WHAT THIS TASK INVOLVES. For this exercise, repeat exactly the lines below starting at the line holding "[2990] Chalice &amp;" and ending at the line holding "Athens Cottage |", both included, with no extra lines and no pictures.

DATA RECORDS.
=======

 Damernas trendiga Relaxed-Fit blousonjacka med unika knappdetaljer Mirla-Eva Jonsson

=======

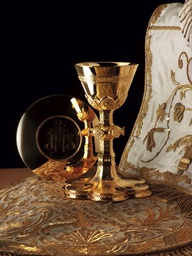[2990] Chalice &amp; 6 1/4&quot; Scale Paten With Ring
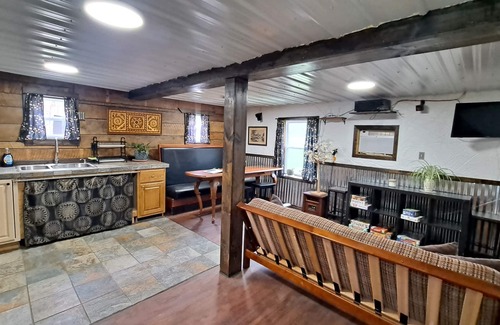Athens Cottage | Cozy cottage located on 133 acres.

=======

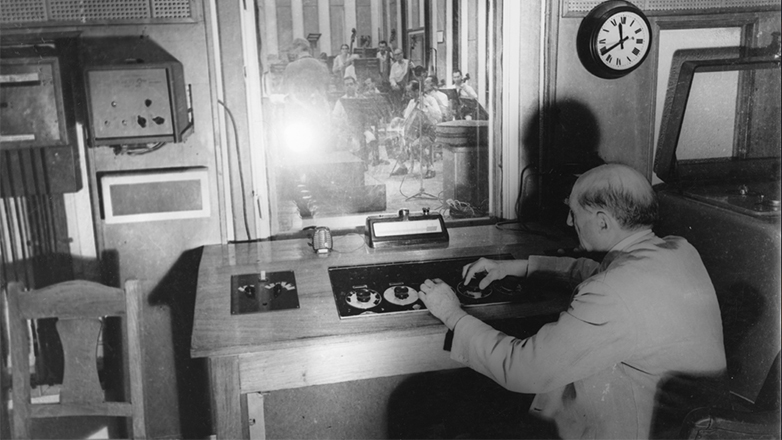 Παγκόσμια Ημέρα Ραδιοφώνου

=======

SOLUTION.
[2990] Chalice &amp; 6 1/4&quot; Scale Paten With Ring
Athens Cottage | Cozy cottage located on 133 acres.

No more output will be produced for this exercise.